07 maio 2008

grau zero [1]

pouco importa a pronúncia, é hora de se deixar arrebatar pela magia do momento, pois o Brasil foi declarado um país sério e merecedor da confiança internacional [2], ombro a ombro com o Cazaquistão. [3]

não, não dá mais para endossar esse samba de uma nota só: ah, são os juros, os juros... [4] e agora? talvez reclamem das agências de risco... [5]

ainda bem que o mercado não presta nenhuma atenção a tal orquestra desafinada, preferindo apenas ouvir seu solista mais virtuoso. [6] visto que o BC se preocupa mais com a inflação futura do que com taxas imediatas. daí a importância das expectativas de inflação. [7]

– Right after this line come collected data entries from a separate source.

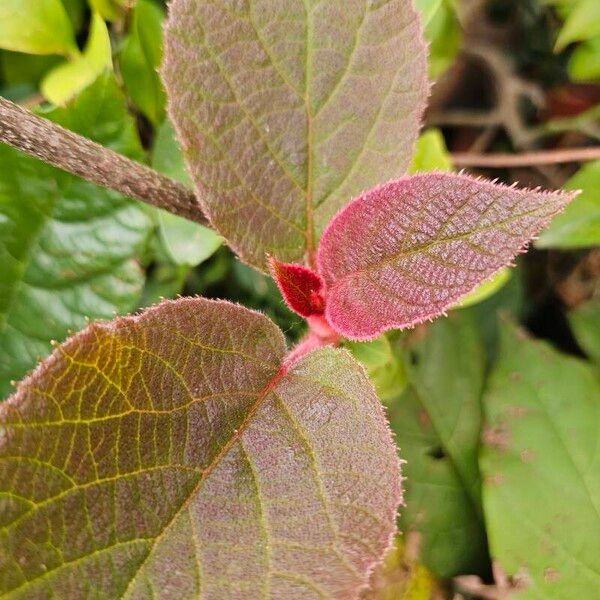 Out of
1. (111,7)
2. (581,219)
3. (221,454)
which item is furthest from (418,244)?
(111,7)

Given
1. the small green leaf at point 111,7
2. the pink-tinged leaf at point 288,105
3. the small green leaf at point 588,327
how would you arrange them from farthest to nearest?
the small green leaf at point 588,327 < the small green leaf at point 111,7 < the pink-tinged leaf at point 288,105

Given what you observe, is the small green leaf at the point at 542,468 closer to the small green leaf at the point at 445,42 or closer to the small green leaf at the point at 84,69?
the small green leaf at the point at 445,42

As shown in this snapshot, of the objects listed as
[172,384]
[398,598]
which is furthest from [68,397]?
[398,598]

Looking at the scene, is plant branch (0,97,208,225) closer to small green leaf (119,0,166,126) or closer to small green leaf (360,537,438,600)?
small green leaf (119,0,166,126)

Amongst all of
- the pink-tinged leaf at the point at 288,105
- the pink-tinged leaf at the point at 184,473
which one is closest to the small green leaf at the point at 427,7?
the pink-tinged leaf at the point at 288,105

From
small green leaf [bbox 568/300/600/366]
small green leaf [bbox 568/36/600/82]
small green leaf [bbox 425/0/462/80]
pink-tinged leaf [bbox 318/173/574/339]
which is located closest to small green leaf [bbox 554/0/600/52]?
small green leaf [bbox 568/36/600/82]

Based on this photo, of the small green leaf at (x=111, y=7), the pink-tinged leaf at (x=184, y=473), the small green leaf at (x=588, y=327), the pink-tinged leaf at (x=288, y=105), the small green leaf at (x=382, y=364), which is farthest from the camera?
the small green leaf at (x=588, y=327) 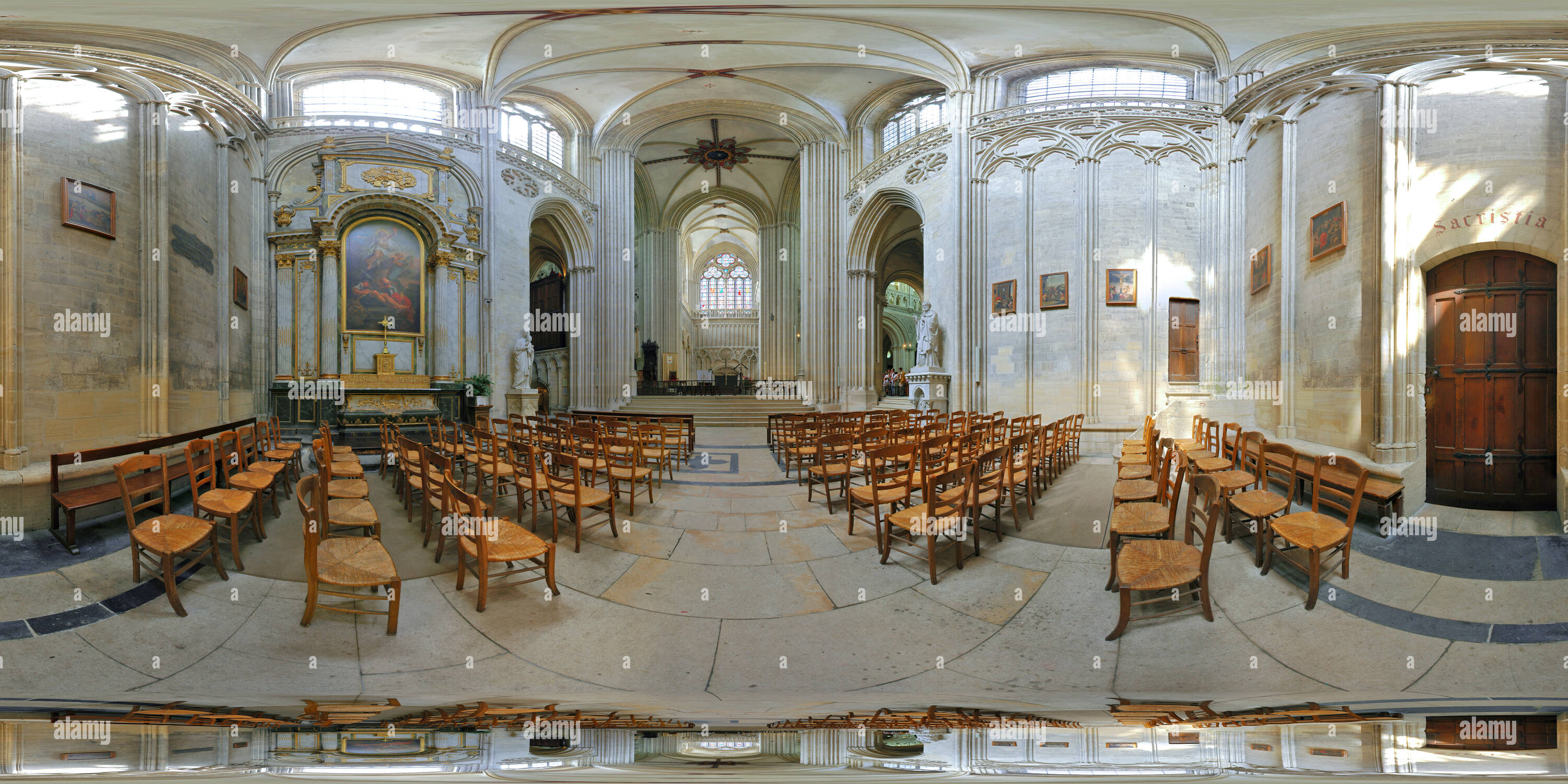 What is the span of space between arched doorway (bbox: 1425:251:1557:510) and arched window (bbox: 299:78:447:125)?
4.54 meters

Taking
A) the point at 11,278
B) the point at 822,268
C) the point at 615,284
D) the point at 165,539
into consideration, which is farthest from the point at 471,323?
the point at 165,539

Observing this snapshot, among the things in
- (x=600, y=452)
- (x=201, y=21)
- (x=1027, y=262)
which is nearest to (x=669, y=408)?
(x=1027, y=262)

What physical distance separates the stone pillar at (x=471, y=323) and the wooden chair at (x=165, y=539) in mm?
10409

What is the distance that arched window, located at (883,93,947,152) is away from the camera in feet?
39.7

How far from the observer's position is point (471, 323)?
1159 cm

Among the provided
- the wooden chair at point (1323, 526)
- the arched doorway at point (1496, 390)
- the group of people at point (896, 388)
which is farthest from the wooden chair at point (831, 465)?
the group of people at point (896, 388)

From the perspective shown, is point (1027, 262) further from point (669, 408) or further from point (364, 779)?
point (364, 779)

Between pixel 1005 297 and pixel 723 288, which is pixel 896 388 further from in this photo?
pixel 723 288

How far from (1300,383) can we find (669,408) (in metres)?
12.5

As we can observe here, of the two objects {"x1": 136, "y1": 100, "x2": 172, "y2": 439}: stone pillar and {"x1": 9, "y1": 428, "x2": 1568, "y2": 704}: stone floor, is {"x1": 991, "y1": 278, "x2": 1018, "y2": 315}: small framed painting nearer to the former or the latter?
{"x1": 9, "y1": 428, "x2": 1568, "y2": 704}: stone floor

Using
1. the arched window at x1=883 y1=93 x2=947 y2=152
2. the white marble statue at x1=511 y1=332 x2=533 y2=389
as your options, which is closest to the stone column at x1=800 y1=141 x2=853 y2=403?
the arched window at x1=883 y1=93 x2=947 y2=152

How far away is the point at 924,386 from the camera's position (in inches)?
450

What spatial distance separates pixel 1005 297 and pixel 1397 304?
28.8 ft

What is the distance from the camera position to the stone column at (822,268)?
15.4 meters
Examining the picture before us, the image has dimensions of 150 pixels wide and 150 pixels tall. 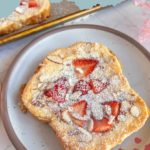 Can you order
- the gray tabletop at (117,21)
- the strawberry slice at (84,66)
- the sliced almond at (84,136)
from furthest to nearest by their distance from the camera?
1. the gray tabletop at (117,21)
2. the strawberry slice at (84,66)
3. the sliced almond at (84,136)

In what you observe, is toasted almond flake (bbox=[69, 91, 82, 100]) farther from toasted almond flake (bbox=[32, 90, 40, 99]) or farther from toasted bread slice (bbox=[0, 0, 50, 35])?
toasted bread slice (bbox=[0, 0, 50, 35])

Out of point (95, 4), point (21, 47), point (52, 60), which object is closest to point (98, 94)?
point (52, 60)

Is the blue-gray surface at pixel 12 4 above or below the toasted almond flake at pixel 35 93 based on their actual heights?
above

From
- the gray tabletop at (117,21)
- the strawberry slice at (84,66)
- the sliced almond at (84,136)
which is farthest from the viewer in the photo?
the gray tabletop at (117,21)

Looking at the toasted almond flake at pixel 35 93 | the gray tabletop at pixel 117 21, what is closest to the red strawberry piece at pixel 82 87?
the toasted almond flake at pixel 35 93

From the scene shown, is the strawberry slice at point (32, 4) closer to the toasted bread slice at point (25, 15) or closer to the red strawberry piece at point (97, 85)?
the toasted bread slice at point (25, 15)

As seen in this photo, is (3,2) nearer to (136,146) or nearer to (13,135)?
(13,135) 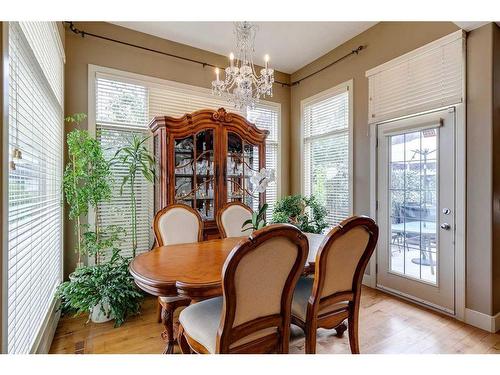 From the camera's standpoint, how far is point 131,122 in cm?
320

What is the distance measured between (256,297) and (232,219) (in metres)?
1.59

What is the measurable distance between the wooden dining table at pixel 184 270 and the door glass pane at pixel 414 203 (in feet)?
4.41

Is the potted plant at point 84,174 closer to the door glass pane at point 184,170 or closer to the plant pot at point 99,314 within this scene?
the plant pot at point 99,314

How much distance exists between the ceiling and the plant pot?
9.64ft

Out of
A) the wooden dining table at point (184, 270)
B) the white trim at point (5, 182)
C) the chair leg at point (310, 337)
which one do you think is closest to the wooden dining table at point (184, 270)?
the wooden dining table at point (184, 270)

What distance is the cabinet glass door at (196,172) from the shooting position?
10.1ft

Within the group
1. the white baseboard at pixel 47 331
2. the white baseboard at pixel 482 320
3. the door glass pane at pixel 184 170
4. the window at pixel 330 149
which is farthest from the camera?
the window at pixel 330 149

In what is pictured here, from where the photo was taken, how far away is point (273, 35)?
130 inches

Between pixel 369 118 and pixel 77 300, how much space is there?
3.49m

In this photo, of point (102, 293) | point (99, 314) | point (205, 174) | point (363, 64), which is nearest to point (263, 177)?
point (205, 174)

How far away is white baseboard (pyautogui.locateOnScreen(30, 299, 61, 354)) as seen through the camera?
1789 mm

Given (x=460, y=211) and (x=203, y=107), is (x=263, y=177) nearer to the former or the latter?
(x=460, y=211)

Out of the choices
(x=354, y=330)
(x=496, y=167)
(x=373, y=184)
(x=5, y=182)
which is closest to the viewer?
(x=5, y=182) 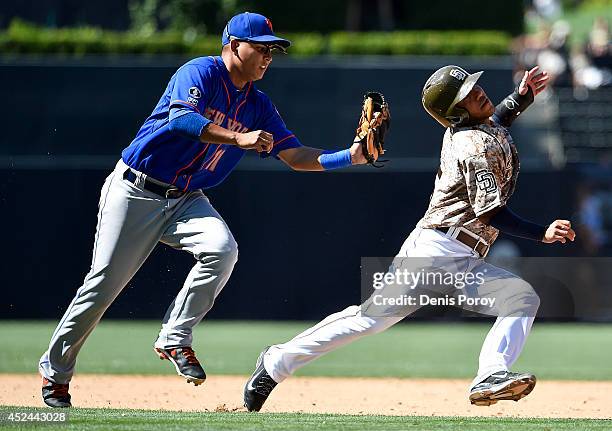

foi cruzada uma fronteira importante e se abre uma estrada mais fácil de ser trilhada. [8] é o resultado da persistência de uma política econômica coerente, baseada no tripé responsabilidade fiscal, câmbio flutuante e metas de inflação. [9]

também recomenda-se cautela. não podemos achar que é o fim da linha. o fato de o Brasil ter sido campeão do mundo não significa que o título será eterno. se jogar mal, perde o título. [10]

mas como? se o foco das agências de risco não é o crescimento ou o bem-estar da população. e se nem mesmo considera uma análise completa de todos os aspectos da economia de um país. e se trata tão-somente de uma avaliação acerca da probabilidade de que o país pague aquilo que deve... [11]

a classificação da Standard & Poor's deveria ser tão importante? a resposta é não! como foi aprendido com a crise do sub-prime, é perigoso se dar tanto peso à avaliação de uma agência de classificação. [12]

será que recebemos de presente uma maçã envenenada? uma futura herança maldita? [13]

o problema estrutural da economia brasileira é sua condição de "economia reflexa", que apenas se adapta a ciclos externos e, por isso, não constitui um projeto próprio de desenvolvimento. aprofundamos essa condição ao nos inserir no processo de globalização, principalmente, pelos fluxos financeiros, ao contrário das economias asiáticas, que privilegiaram a inserção pela produção e o comércio. [14]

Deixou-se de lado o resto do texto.